Seth Godin on the state of Apple's software - mgiannopoulos
http://daringfireball.net/linked/2016/10/24/godin-apple-software
======
hlfcoding
Apple definitely seems to have a larger software surface area than hardware,
where they tend to discontinue more frequently. Keep in mind the companies
Godin compares it to are focused on web services and only have one user-facing
product. It's an unfair comparison. Apple provides some of the best developer
tools and APIs. An essential software suite that just works is what I'm
looking for, and for the most part it's delivered.

------
dbg31415
Apple makes great hardware, no denying that. That's why my 3+ your-old laptop
holds up with features I still can't find our windows laptop.

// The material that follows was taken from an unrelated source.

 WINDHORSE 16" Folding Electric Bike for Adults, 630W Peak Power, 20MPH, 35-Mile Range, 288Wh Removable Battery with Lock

But regardless of what's in store, or any commentary on the direction after
Jobs, the last iOS and MacOS release go down in my mind as the buggiest Apple
UX I've ever seen.

Randomly my phone keyboard disappears, I can't delete messages from iChat
until I toggle to another message or scroll down then up, my screen saver
preferences were deleted, when I add a new virtual desktop it gets some random
mountain instead of my chosen background, a lot of my apps didn't work / load
on startup without being reinstalled...

Does seem like maybe Apple has bitten off more complexity than it can chew.
I'm not used to so many easily noticeable bugs in their software. They get a
new QA guy? Ha.

Side note: Apple 2FA is weird. Just weird. What I want is not to come up with
a new notification type... and if they can fill a website based on my 2FA
code... why can't it to that for iChat messages too? Or at least add a copy
button to the notification when it sees a code come in.

------
pyrophane
I just learned about Roon from this article, but I don't understand what makes
it worth $120/year. It appears to be a music player with apps, good device
streaming support, and a nice interface. I understand that a lot of software
is moving towards higher priced subscription models, but I don't see the added
value "service" that makes this worth such a high recurring fee.